* **RAW DATA**
=== Begin Enclosure ===
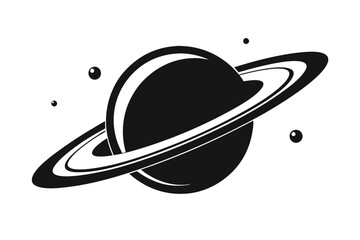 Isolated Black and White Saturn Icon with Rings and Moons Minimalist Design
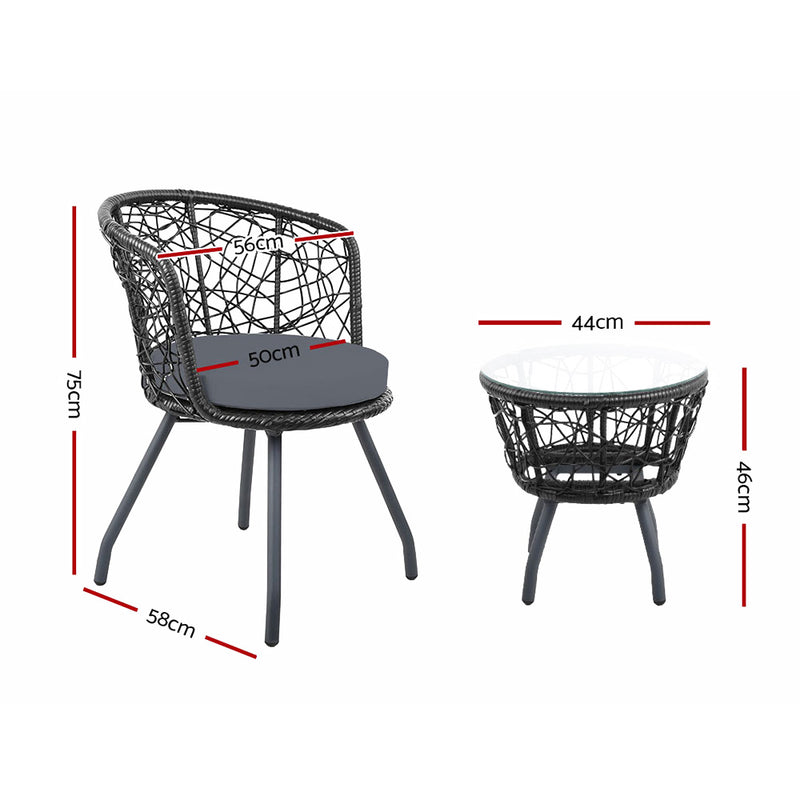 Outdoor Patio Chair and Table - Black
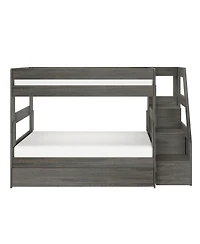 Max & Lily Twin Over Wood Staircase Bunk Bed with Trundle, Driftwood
=== End Enclosure ===
Could you retype every line above exactly as it appears, skipping the pictures?

 Isolated Black and White Saturn Icon with Rings and Moons Minimalist Design
 Outdoor Patio Chair and Table - Black
 Max & Lily Twin Over Wood Staircase Bunk Bed with Trundle, Driftwood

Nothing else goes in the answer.